Look at where God planted Eden.
Genesis 2:8 says, “Now the Lord
God had planted a garden in the east, in Eden;
and there he put the man he had formed.” The first
Adam, the beginning of mankind was formed in the east. The fall of man, the
original sin, happened there...just as the redemption of all mankind will come
from the east.
God saved His people from Pharaoh’s
army with help from where? The east.
Exodus 14:21, “Moses stretched out his hand over the sea and all that night the
Lord drove the sea back with a strong east
wind and turned it into dry land.”
Ezekiel saw God returning from the
east to dwell with His nation again. The glory of the Lord entered the temple
from the east gate. “Then the man brought me to the gate facing east, and
I saw the glory of the God of Israel coming
from the east. His voice was like the roar of rushing waters, and the land
was radiant with his glory.” Ezekiel 43:1. After God passed through the east
gate of the temple, it was to remain shut. No one was allowed to walk through
it because the Lord Himself had passed through it. And the gate will remain
shut until the Lord returns and again enters it…from the east.
The second Adam, Jesus, comes from
the east. The three kings saw His star "in the east" (Matthew 2:2). “Who has stirred up one from the east, calling him in righteousness to his service? He
hands nations over to him and subdues kings before him. He turns them to dust with his sword, to
windblown chaff with his bow." Isaiah 41:2
Just as we came from dust and will
return to dust, so the fall of man in the east will be redeemed by Jesus when He comes from the east. God has great purpose and resolution
in every letter of His perfect Word.
I have never seen my dad wear any
piece of jewelry except his simple gold wedding band. To say he was not a
jewelry kind of guy would be a major understatement. He was a country boy, and
probably “the most informal person I have ever known,” in the words of his
friend Allen Levi.
After the death of Allen’s brother
and our dear friend, Gary Levi, my dad wore a bracelet each day in Gary’s
memory. It was a white glow in the dark rubber bracelet with the words “Perhaps
Today.” Gary Levi signed letters with those hopeful words. “Perhaps Today” is
the mantra of those who yearn for the return of the King. They wake each day looking for Him.

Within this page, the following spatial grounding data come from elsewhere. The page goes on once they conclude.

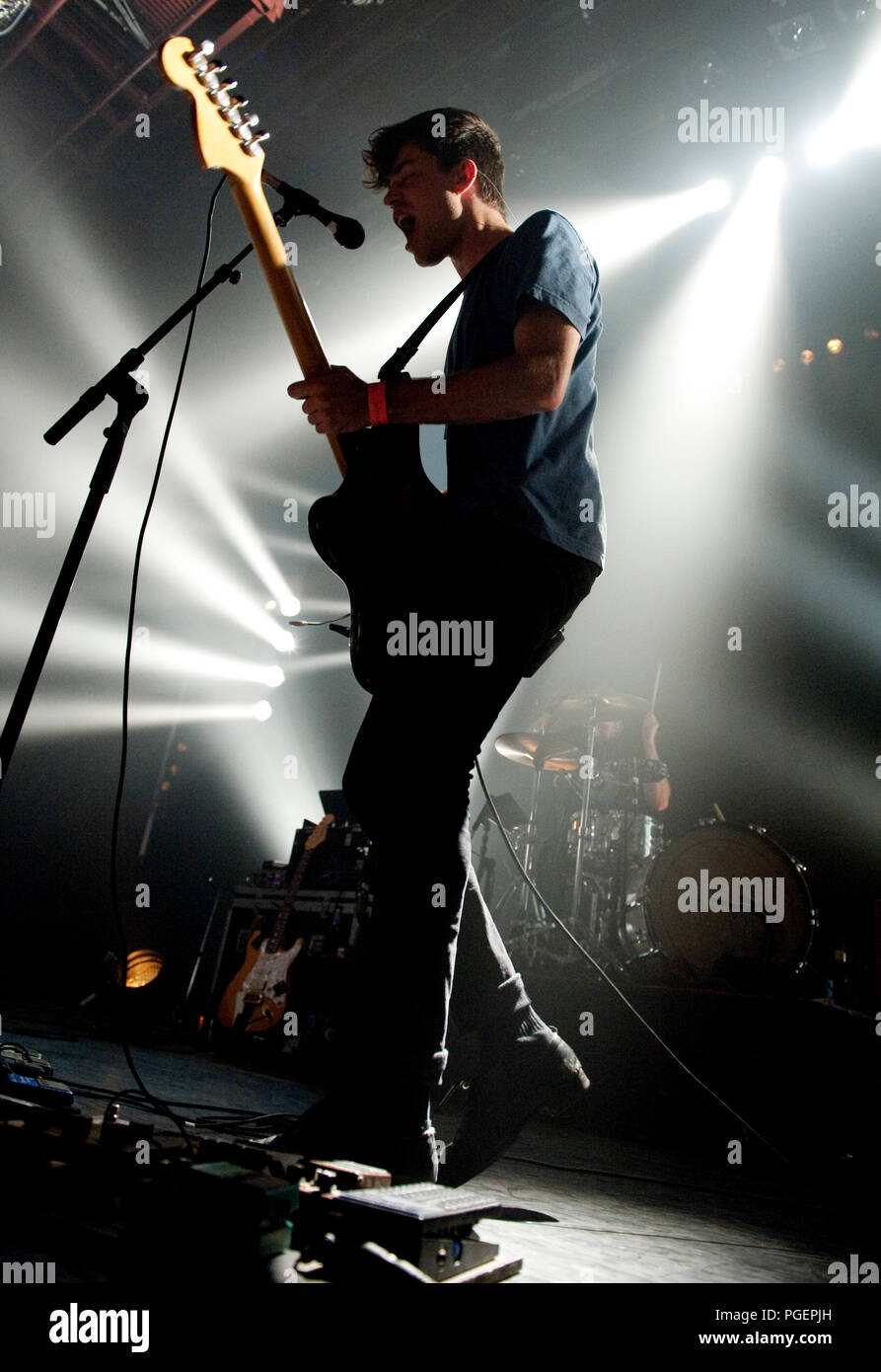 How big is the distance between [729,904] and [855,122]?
4974 millimetres

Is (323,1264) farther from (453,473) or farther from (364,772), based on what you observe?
(453,473)

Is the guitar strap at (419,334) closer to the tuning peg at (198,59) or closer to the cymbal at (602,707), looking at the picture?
the tuning peg at (198,59)

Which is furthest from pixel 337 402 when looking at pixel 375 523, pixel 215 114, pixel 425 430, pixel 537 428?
pixel 425 430

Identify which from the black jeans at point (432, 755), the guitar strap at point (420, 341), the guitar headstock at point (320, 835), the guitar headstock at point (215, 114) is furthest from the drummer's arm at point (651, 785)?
the guitar headstock at point (215, 114)

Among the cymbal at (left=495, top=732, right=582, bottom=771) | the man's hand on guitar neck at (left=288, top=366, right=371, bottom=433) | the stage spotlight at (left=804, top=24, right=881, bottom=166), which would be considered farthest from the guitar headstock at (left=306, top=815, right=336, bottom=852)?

My bedroom window faces the east. Every
morning the sun comes pouring into my window, reminding me where to place my
hope. The sun has definitely set on me
these last six months, but even in the darkness of my room in the middle of the
night, I can make out the precious letters on my dad’s glow in
the dark bracelet “Perhaps Today.”
"For you yourselves are fully aware that the day of the Lord will come like a thief in the night....But you are not in darkness, brothers, for that day to surprise you like a thief. For you are all children of light, children of the day. We are not of the night or of the darkness. So then let us not sleep, as others do, but let us keep awake..." 1 Thessalonians. 5:2, 4-6
And after every night, sometimes to my amazement, the sun still
rises.
Every morning, its hope-giving rays
illumine the bronze letters “Robert Stanley Alston” in Hamilton, Georgia and
its same life-sustaining rays filter through my shutters to brighten the
darkness of my room and my heart in Tuscaloosa.

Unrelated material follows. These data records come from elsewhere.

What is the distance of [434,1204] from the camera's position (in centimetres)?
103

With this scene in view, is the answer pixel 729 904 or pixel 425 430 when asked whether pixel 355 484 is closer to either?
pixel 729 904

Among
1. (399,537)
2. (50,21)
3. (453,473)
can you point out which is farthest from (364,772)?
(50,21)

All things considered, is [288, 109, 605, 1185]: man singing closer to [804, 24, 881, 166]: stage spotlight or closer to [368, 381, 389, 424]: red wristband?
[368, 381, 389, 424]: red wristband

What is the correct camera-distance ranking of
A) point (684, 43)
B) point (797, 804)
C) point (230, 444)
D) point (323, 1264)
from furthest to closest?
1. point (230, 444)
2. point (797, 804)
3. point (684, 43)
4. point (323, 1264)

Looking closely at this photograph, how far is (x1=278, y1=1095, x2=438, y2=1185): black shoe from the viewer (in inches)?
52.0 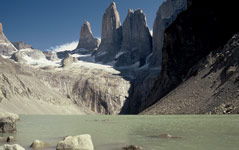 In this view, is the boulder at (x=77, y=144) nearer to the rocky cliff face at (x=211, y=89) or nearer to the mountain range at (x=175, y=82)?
the mountain range at (x=175, y=82)

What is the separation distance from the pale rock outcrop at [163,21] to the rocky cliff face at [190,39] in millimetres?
102207

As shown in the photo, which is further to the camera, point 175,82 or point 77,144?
point 175,82

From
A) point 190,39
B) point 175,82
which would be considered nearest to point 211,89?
point 175,82

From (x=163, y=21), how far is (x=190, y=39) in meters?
120

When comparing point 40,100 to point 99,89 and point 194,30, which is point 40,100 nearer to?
→ point 99,89

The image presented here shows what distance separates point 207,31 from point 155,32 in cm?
12695

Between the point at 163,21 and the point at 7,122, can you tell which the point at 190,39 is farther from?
the point at 163,21

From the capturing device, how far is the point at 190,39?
7625 centimetres

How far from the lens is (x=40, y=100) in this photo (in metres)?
129

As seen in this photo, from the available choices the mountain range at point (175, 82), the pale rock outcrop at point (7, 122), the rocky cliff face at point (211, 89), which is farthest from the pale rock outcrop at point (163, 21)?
the pale rock outcrop at point (7, 122)

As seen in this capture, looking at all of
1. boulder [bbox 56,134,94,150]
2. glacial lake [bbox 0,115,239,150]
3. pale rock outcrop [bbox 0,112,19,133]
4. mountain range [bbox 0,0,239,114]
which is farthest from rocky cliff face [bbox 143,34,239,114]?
boulder [bbox 56,134,94,150]

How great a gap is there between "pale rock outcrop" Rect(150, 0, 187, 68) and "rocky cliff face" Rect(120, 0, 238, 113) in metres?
102

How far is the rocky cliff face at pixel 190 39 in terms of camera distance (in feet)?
235

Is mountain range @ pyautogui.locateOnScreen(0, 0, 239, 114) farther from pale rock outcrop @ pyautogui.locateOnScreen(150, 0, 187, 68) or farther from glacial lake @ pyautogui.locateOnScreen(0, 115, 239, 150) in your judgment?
pale rock outcrop @ pyautogui.locateOnScreen(150, 0, 187, 68) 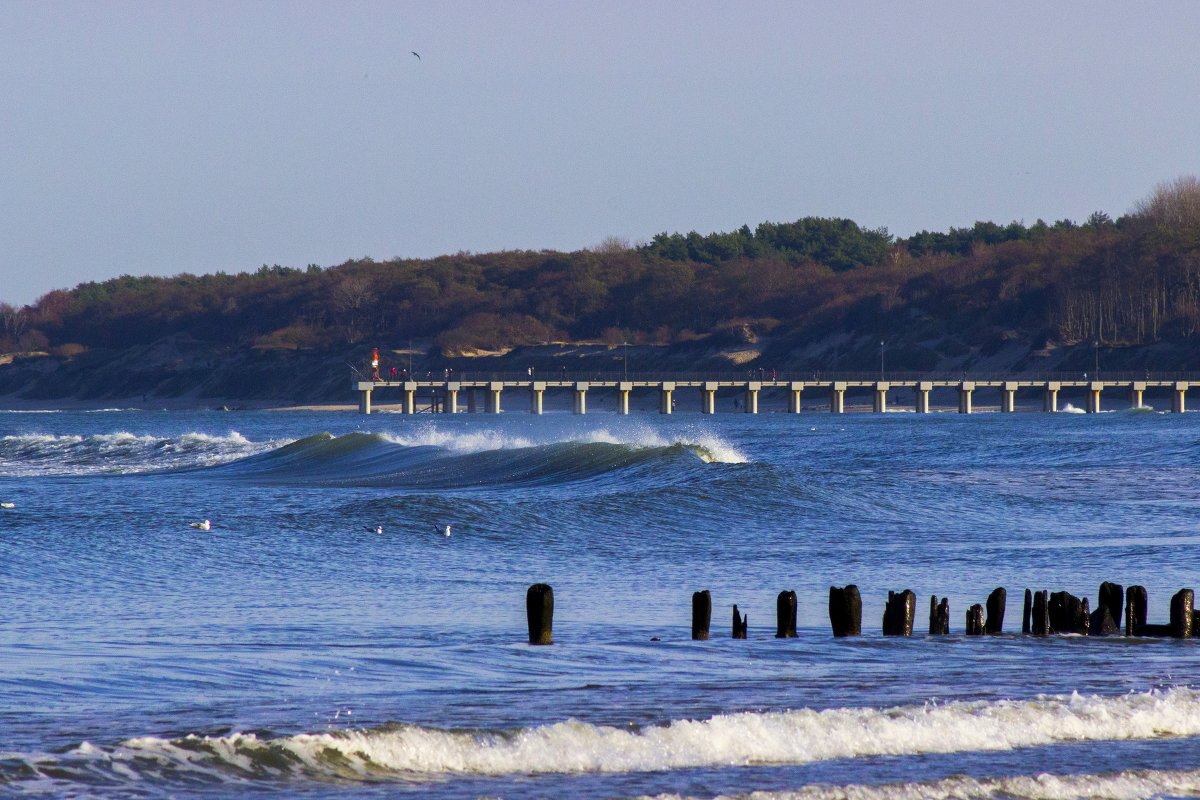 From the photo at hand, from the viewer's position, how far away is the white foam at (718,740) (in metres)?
10.2

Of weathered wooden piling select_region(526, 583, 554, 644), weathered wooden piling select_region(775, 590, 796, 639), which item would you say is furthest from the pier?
weathered wooden piling select_region(526, 583, 554, 644)

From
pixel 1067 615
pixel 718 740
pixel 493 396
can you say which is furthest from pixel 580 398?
pixel 718 740

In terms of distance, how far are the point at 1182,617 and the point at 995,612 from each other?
5.49 ft

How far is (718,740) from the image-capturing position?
34.6ft

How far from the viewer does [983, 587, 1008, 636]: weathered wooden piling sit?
51.1ft

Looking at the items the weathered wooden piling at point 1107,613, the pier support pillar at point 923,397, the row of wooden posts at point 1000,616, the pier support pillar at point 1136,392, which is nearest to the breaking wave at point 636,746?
the row of wooden posts at point 1000,616

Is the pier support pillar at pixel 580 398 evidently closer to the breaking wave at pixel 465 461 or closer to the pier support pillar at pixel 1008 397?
the pier support pillar at pixel 1008 397

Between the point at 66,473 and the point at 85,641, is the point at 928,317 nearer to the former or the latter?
Result: the point at 66,473

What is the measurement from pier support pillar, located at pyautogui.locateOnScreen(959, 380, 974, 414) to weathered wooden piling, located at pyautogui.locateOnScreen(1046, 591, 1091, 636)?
381 ft

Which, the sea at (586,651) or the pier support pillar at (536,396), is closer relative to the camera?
the sea at (586,651)

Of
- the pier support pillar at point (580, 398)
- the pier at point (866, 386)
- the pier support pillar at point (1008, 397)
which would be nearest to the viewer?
the pier at point (866, 386)

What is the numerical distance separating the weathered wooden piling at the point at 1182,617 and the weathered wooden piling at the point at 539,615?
573 centimetres

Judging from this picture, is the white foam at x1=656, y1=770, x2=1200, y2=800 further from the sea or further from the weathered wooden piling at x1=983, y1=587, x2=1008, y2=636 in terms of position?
the weathered wooden piling at x1=983, y1=587, x2=1008, y2=636

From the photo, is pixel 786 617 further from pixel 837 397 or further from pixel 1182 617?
pixel 837 397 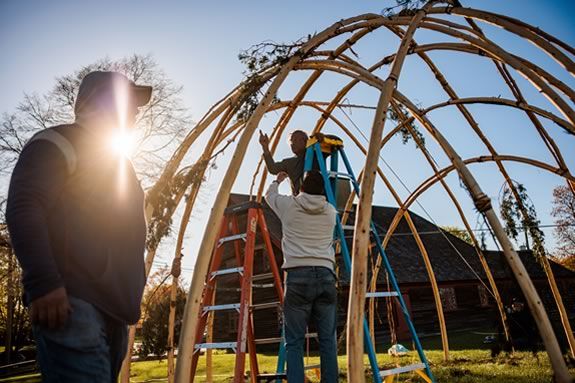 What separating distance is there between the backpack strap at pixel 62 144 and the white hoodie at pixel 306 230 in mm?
2288

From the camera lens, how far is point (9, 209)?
143 centimetres

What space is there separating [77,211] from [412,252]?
76.3 ft

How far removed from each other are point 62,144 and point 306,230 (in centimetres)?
243

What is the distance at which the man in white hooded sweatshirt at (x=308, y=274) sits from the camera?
334cm

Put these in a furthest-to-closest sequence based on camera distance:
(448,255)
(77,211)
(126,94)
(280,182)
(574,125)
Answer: (448,255), (280,182), (574,125), (126,94), (77,211)

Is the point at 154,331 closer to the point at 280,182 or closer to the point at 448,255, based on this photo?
the point at 448,255

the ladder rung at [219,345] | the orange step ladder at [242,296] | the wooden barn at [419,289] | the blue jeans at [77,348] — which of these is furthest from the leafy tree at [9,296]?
the blue jeans at [77,348]

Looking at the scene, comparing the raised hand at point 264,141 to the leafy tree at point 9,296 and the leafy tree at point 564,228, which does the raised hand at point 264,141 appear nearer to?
the leafy tree at point 9,296

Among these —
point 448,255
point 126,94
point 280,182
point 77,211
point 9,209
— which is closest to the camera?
point 9,209

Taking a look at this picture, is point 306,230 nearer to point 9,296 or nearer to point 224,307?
point 224,307

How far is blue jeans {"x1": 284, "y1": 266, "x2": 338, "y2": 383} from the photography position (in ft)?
10.8

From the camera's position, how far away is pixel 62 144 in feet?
5.21

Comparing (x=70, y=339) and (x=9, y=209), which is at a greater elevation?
(x=9, y=209)

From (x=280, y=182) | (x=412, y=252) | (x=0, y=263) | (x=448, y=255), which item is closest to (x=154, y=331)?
Result: (x=0, y=263) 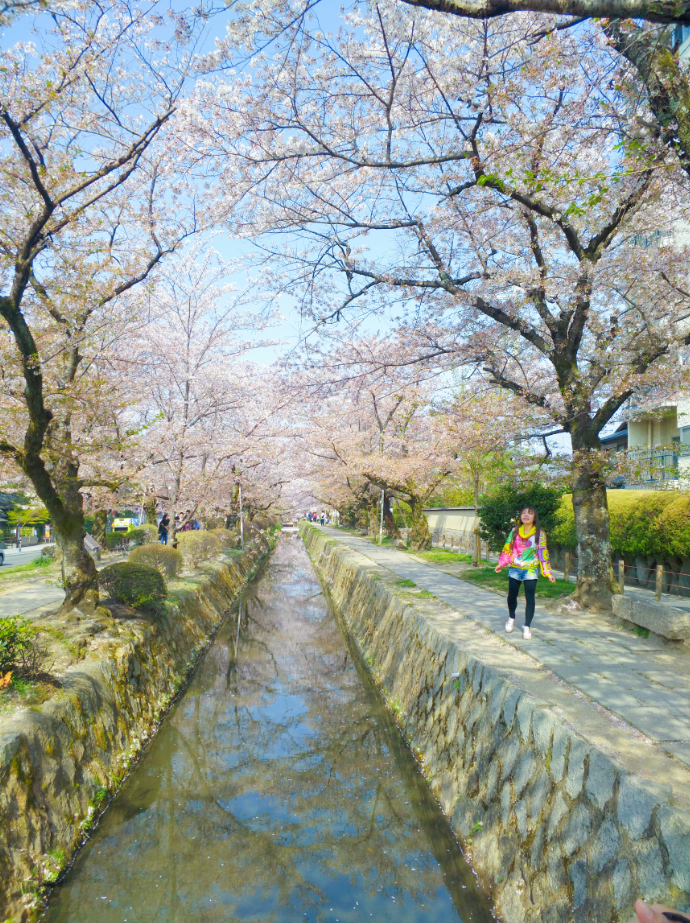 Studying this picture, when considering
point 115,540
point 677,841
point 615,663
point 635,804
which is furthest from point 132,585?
point 115,540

With every new sunrise, the Lord
reminds me of the impending consummation I crave, and He graciously restores in
me the expectant hope that, perhaps today, His Son will also rise up out of the
eastern sky. In other words, it's Friday for now...but Sunday's a comin'...

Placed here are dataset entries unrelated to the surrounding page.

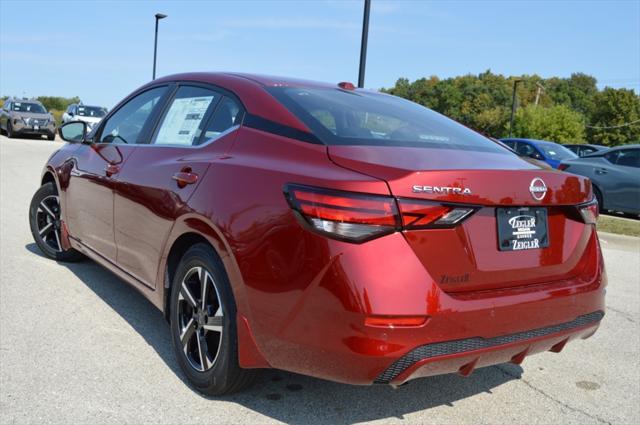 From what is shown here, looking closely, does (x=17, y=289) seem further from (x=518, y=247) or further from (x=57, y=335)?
(x=518, y=247)

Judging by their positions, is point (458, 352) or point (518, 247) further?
point (518, 247)

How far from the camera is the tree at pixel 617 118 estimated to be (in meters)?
76.9

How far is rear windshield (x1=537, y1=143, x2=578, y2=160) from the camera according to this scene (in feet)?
50.3

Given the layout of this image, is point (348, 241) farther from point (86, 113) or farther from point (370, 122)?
point (86, 113)

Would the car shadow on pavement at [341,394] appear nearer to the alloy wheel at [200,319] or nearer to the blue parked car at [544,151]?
the alloy wheel at [200,319]

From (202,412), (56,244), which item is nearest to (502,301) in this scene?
(202,412)

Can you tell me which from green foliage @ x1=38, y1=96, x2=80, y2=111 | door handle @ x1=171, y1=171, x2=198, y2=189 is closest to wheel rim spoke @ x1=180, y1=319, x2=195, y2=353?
door handle @ x1=171, y1=171, x2=198, y2=189

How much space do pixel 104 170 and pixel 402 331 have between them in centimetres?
266

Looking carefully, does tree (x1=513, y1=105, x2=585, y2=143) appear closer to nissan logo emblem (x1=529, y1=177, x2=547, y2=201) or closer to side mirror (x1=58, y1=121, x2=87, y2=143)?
side mirror (x1=58, y1=121, x2=87, y2=143)

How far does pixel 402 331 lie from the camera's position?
2.31 meters

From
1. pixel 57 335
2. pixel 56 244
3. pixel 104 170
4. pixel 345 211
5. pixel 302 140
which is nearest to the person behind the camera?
pixel 345 211

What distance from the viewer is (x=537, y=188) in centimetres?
266

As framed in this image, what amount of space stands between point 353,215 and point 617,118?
281 feet

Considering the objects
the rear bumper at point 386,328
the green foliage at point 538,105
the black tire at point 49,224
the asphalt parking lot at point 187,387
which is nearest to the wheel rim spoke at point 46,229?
the black tire at point 49,224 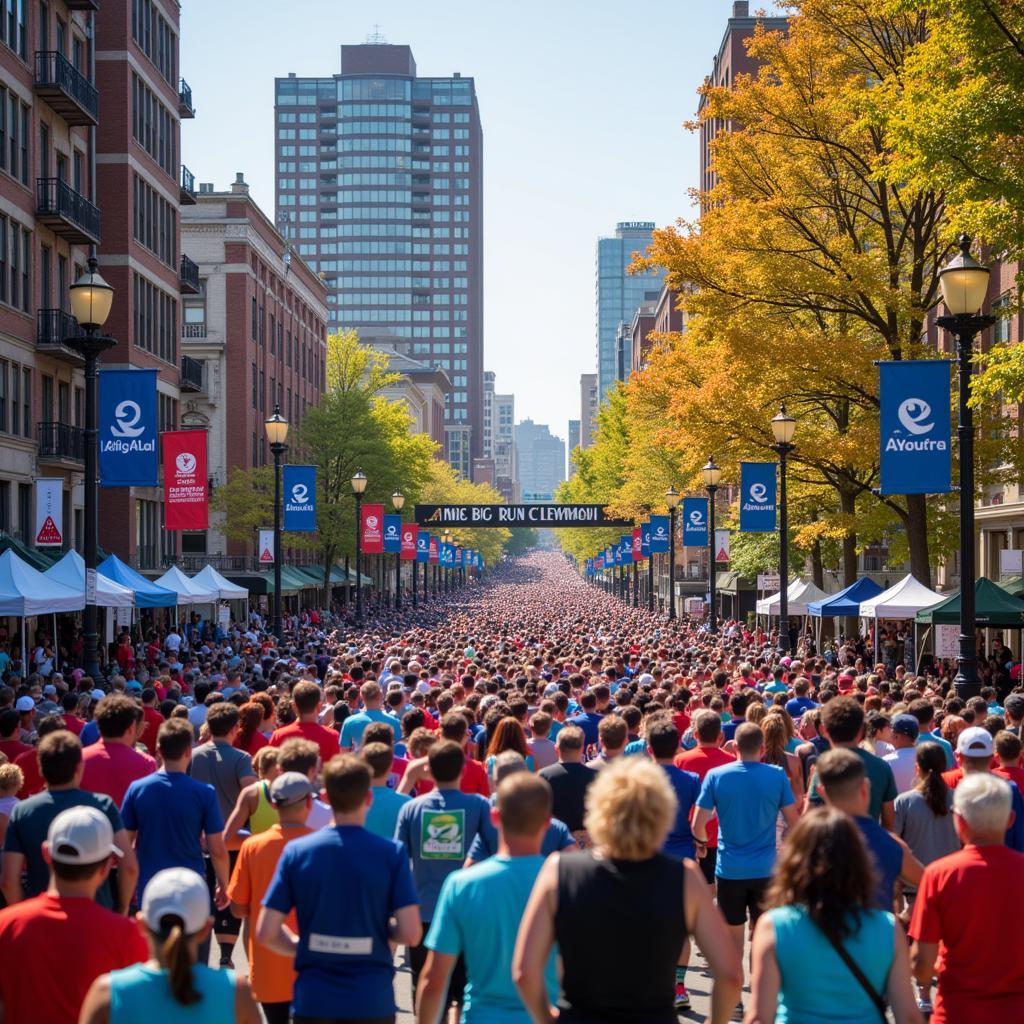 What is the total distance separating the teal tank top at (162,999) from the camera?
4332mm

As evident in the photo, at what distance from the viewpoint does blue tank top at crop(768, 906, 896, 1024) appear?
4484 mm

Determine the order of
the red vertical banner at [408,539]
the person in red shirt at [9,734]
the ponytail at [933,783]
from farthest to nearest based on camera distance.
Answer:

“He who testifies to these things
says, ‘Yes, I am coming soon.’ Amen, come, Lord Jesus. The grace of the Lord be
with God’s people. Amen.” Revelation 22:20-21
Come quickly.
1 Corinthians 15:50-54
!!!!!!!!“ I declare to you, brothers and sisters, that flesh and blood
cannot inherit the kingdom of God, nor does the perishable inherit the
imperishable. Listen, I tell you a mystery: We will not all
sleep, but we will all be changed— in a flash, in the twinkling
of an eye, at the last trumpet. For the trumpet will sound, the dead will be
raised imperishable, and we will be changed.” !!!!!!!!! WORD!!!!!!!